It has been reported that the annual accounts for HS2 Ltd will show that the bloated quango spent over £400m last year, which will bring the total amount of money spent, without a single track being laid, to £1.4bn.
Of course, despite the fact the HS2 Ltd webpage concerning their accounts was ‘updated’ on 22nd June, the actual accounts have yet to appear, despite the fact annual accounts for 2015 and 2014 appeared there in June of those years.
It has been speculated for a number of years that there has been an agenda within HS2 Ltd to burn as much money as possible, and that this would make the project harder to cancel.
However, it has to be remembered that the very, very first thing that Theresa May did when she became Home Secretary in 2010 was to cancel a couple of projects which had already burned through millions of pounds.

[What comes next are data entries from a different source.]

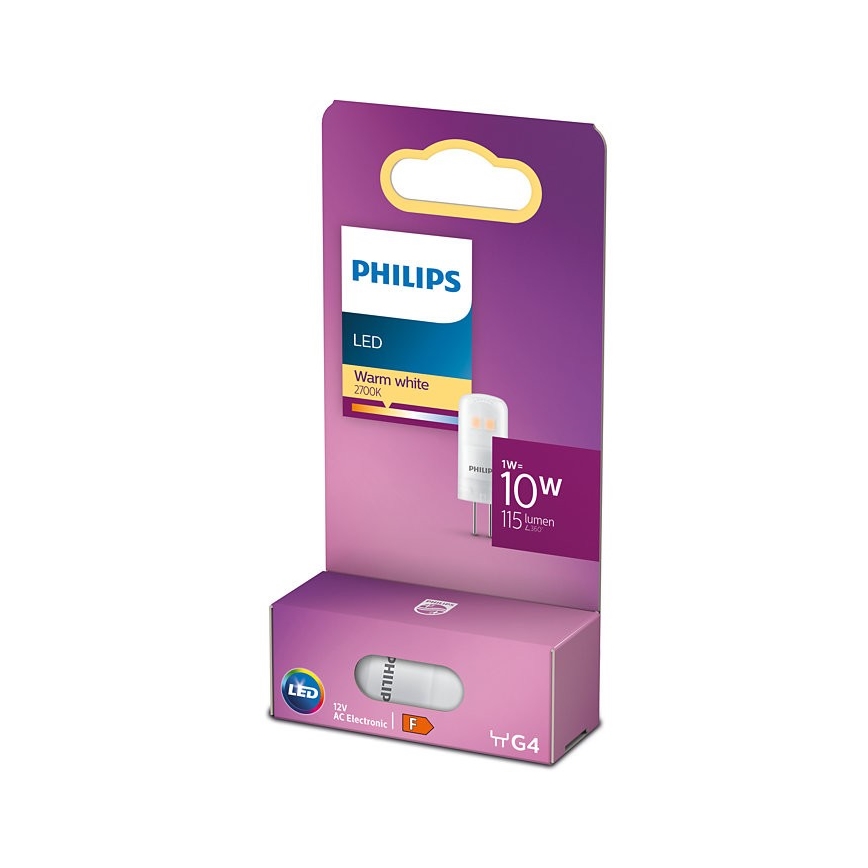 LED Крушка Philips G4/1W/12V 2700K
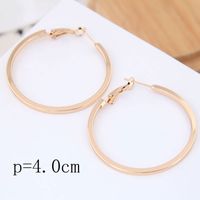 40mm Boutique De Moda Coreana De Metal Simple Y Suave Personalidad Stud Aretes main image 1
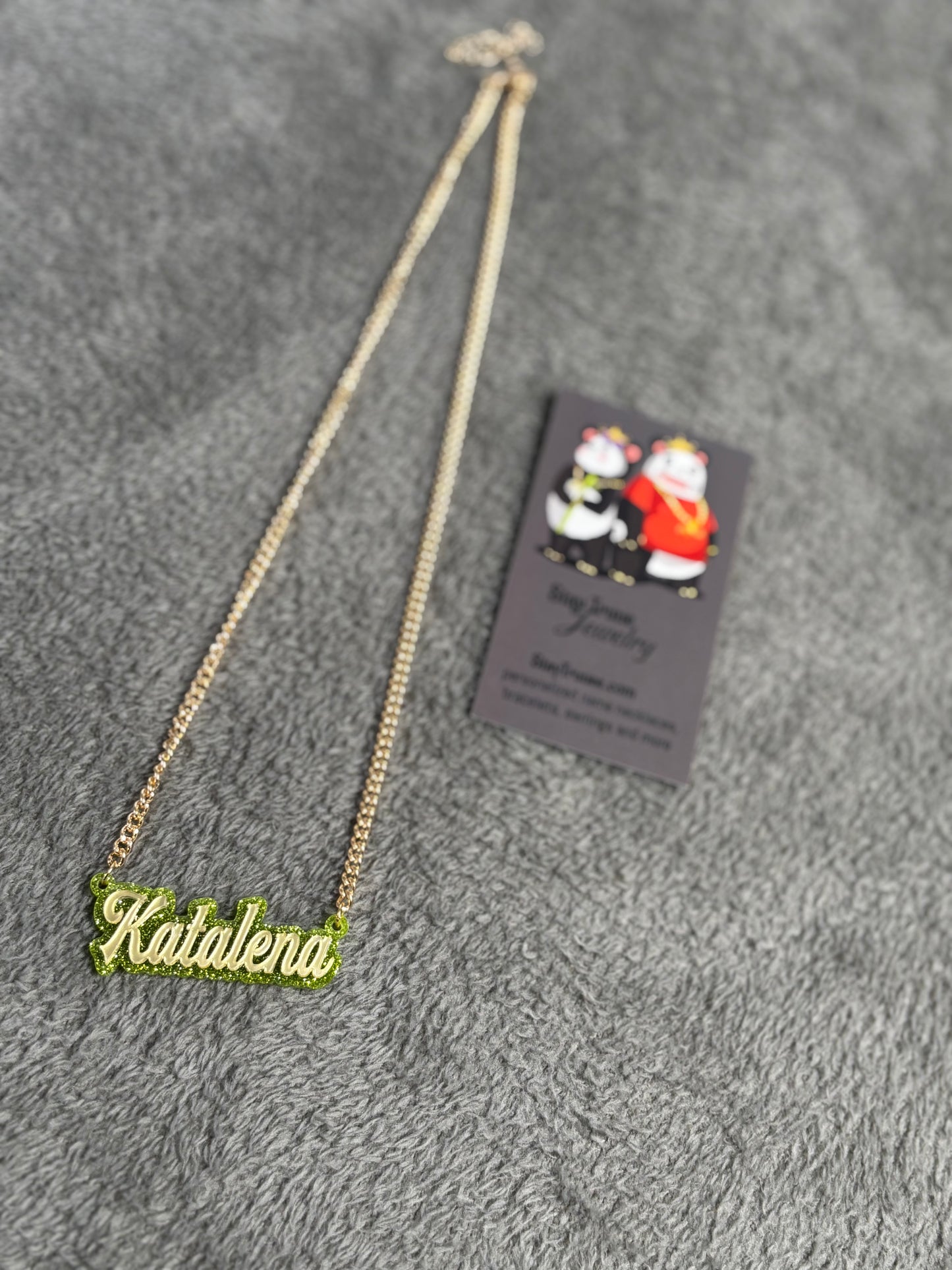 Custom Acrylic Name Necklace
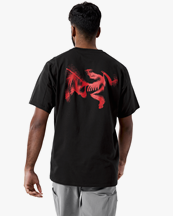 Arc'teryx Kragg Sl Cotton Blurred Bird Ss M Black/Dynasty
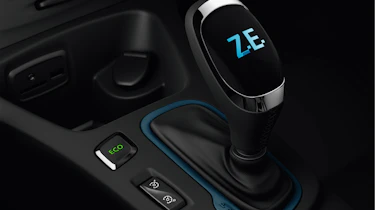 Renault Zoe 2017 - gear shifter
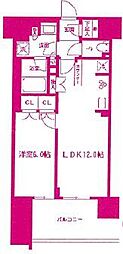 BLESS宮崎台 1LDKの間取図画像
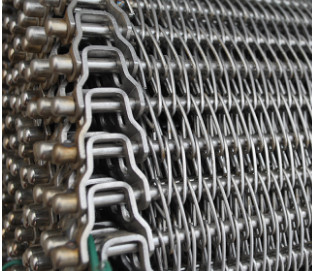 High Temperature 314 310s Stainless Steel Spiral Mesh Conveyor Chain Belt Metal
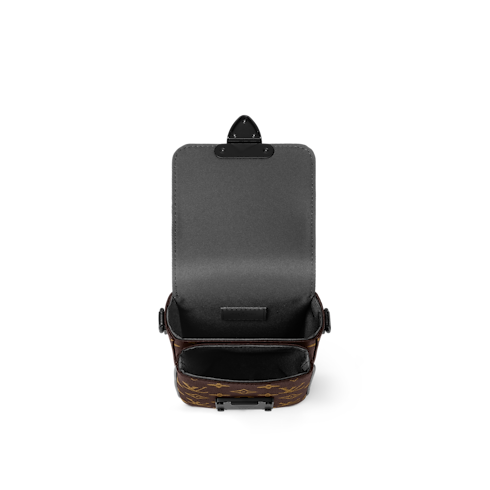 S-Lock Vertical Wearable Wallet Monogram Macassar Canvas in Men's Bags All Collections collections by Louis Vuitton (Product zoom)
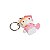 Chaveiro Hello Kitty Silicone Emborrachado – Rosa + Bolsa - Imagem 1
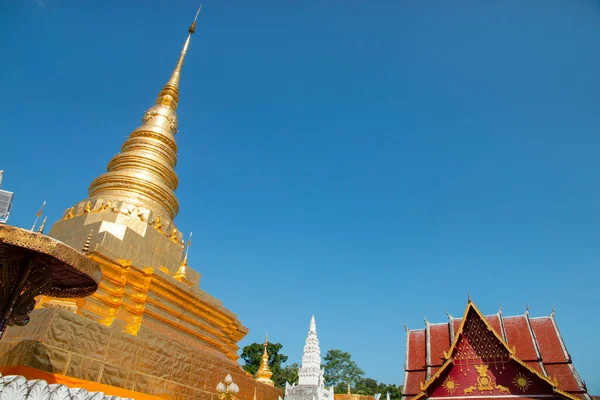 Wat Phra Chae Haeng Культовый Знаменитый Храм Нан Северной Провинции — стоковое фото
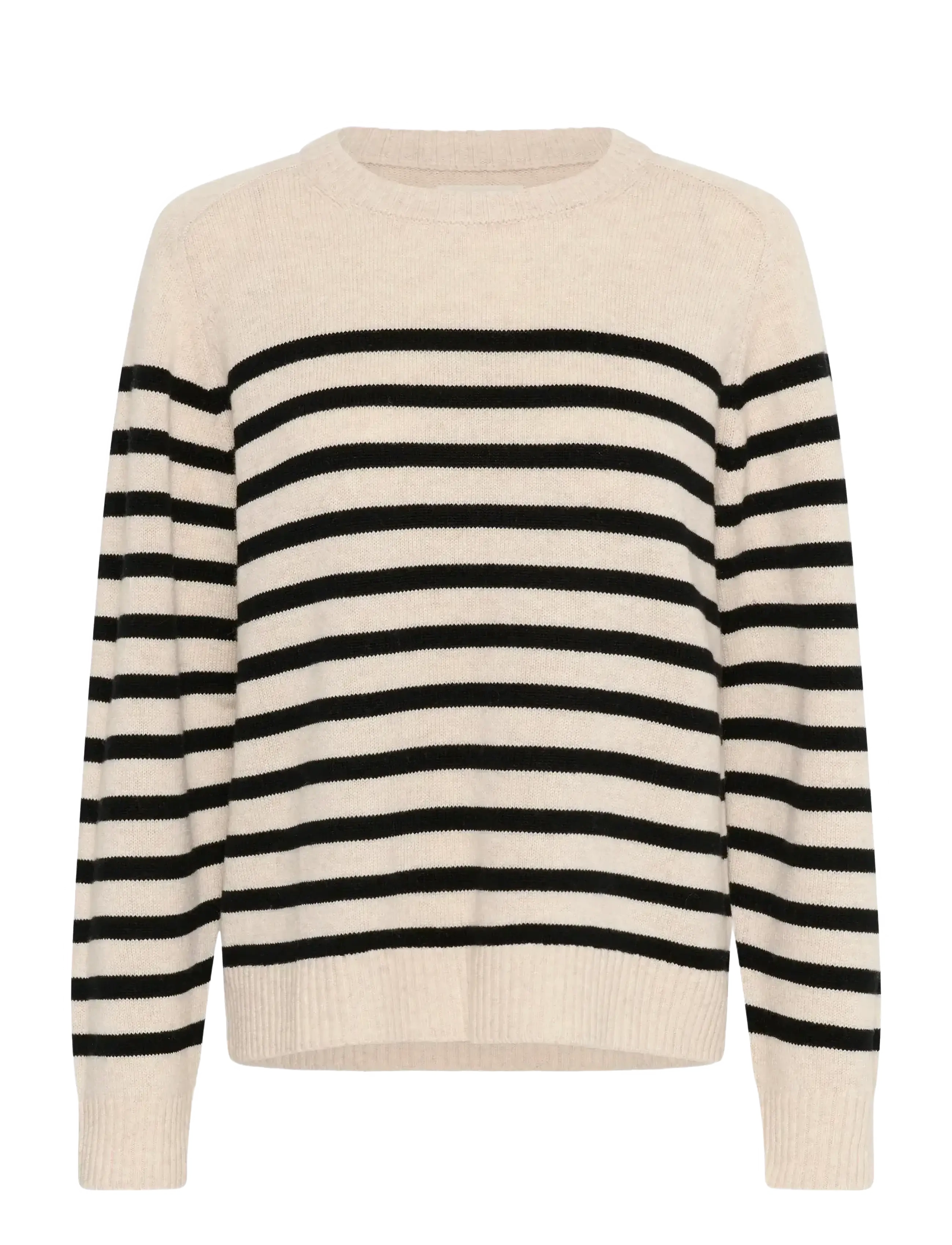Part Two NiakaPW PU - Cashmere - BLACK STRIPE / beige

Within days of taking office, she announced she would scrap the Labour Governments ID Cards project, after about £257m had been spent on it. Also straight out of the window was an immigration computer system, which had cost slightly more at £259m. However, with that, contracts had already been signed and one of the providers was able to sue for a further £224m. As HS2 Ltd have only just been given permission to start tendering, despite failing ‘Review Point 1’ which was meant to be a requirement for that process to start, this would not be a problem with cancelling HS2 at this point.
The big cancellation from the last Government was the NHS computer system, where mirroring what seems to be the plan with HS2, contracts seemed to have been let in an unnecessary hurry. When it was abandoned, it was expected the total bill would come to £6.4bn, but it probably ended up around twice that. The last available estimate we can find came from the Public Accounts Committee in September 2013. They said £9.8bn had already been spent, with more costs still to come. As such the NHS IT system is the perfect example of getting a massively inflated bill for something that didn’t deliver on its’ promises, because the decision was not taken early enough to pull the plug.
We now have a PM with a record of clearing away the chaff which her predecessor left behind on her desk, and the performance of HS2 Ltd this week at the Public Accounts Committee where £9bn of savings just ‘popped up’ to cancel out a £9bn overspend, should tell her all she needs to know about the believability of their cost estimates.
We can only hope.
Accounts don’t include property purchase costs which are in dft figures
Why are they treating many items as capital when they are blatantly operating costs eg travel,recruitment,property advice?